Provided material:
- - -

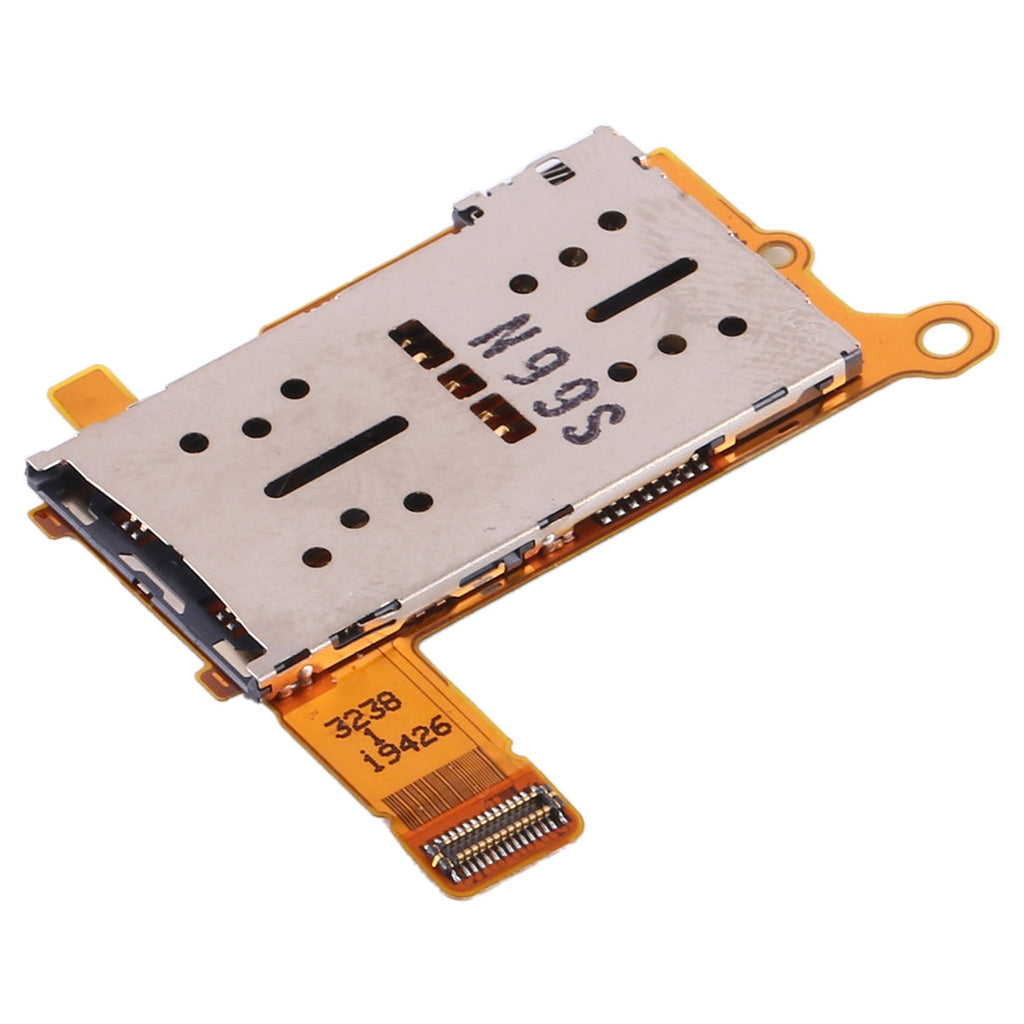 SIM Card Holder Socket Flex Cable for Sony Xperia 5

- - -

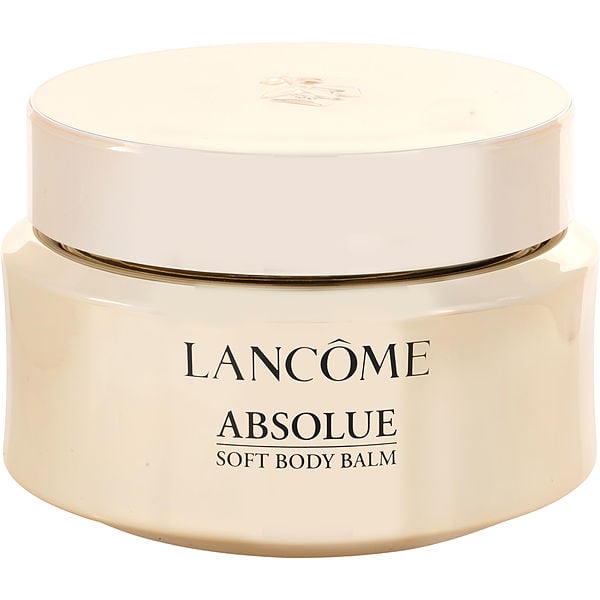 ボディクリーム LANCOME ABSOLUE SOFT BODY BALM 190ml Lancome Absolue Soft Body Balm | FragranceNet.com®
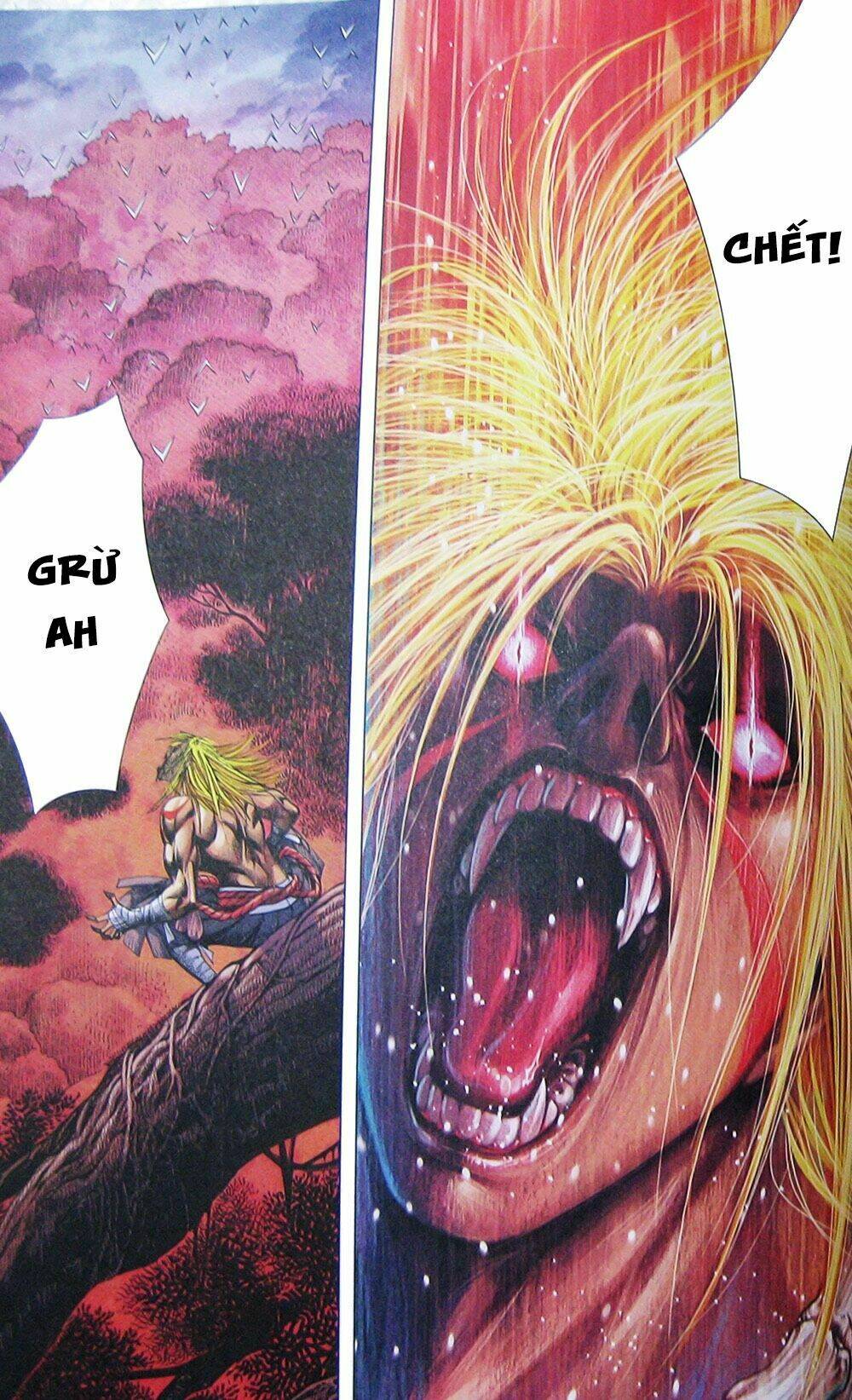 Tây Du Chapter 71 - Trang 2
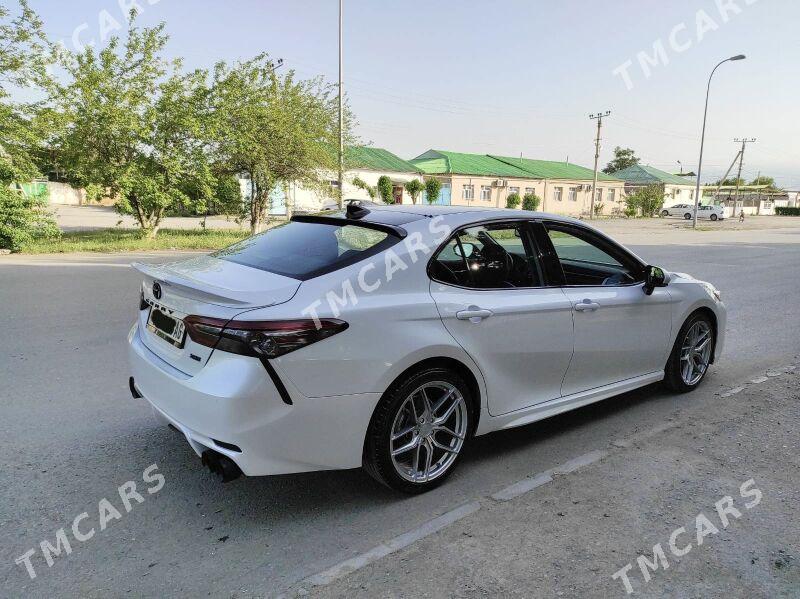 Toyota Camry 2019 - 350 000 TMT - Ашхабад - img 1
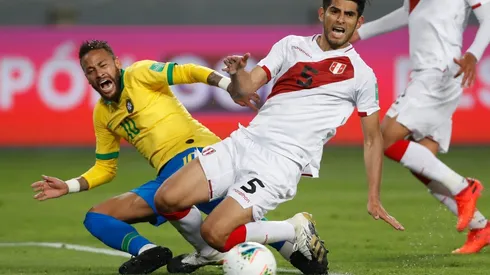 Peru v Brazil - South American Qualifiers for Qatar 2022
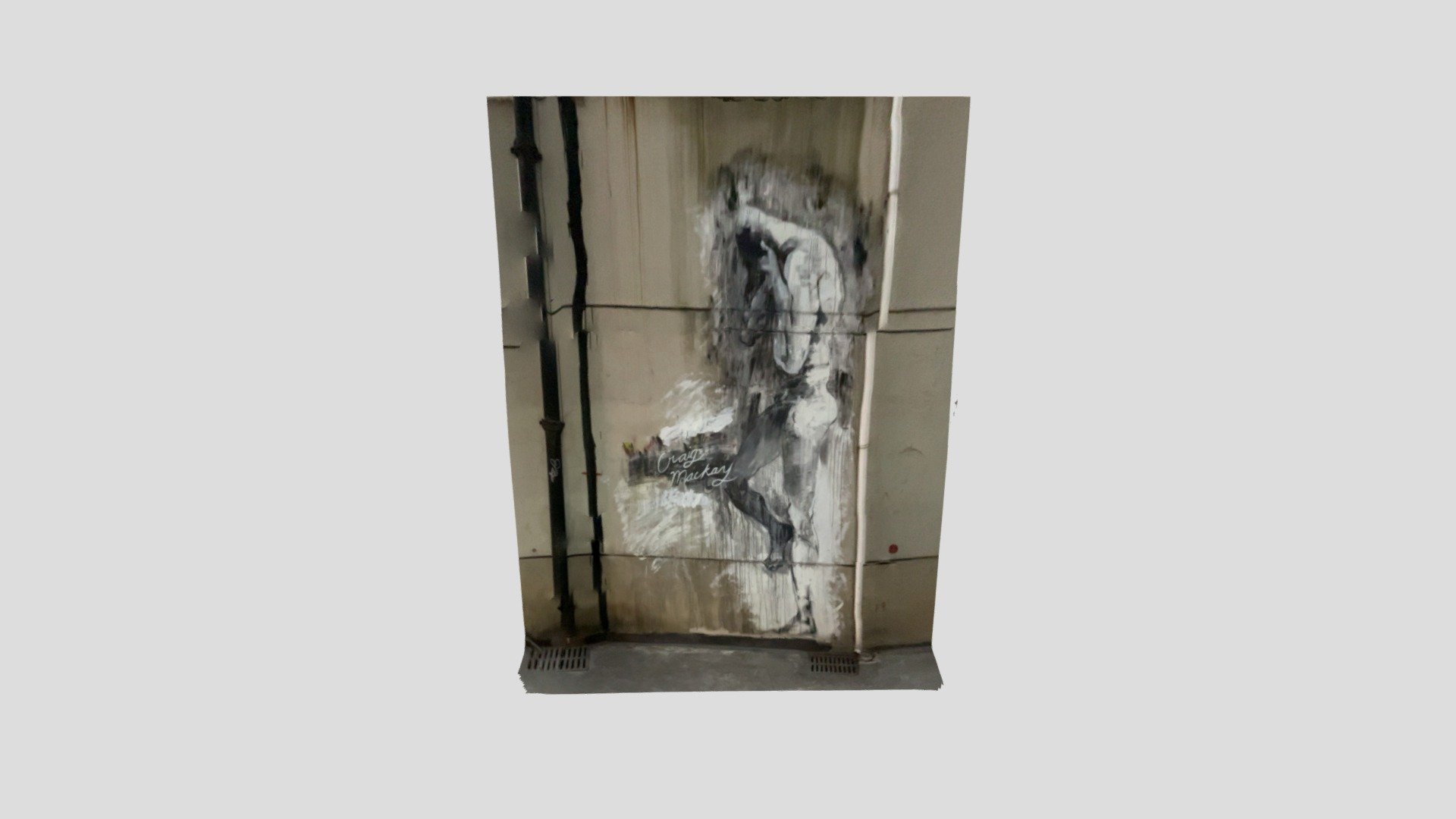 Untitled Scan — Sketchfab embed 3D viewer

- - -

What you are asked to do:
The stretch to restate runs from the line above containing "Toyota Camry 2019" through the line containing "Untitled Scan — Sketchfab embed 3D viewer". Copy it word for word, ends included, without pictures.

Exercise solution:
 Toyota Camry 2019 - 350 000 TMT - Ашхабад - img 1
 Peru v Brazil - South American Qualifiers for Qatar 2022
 Untitled Scan — Sketchfab embed 3D viewer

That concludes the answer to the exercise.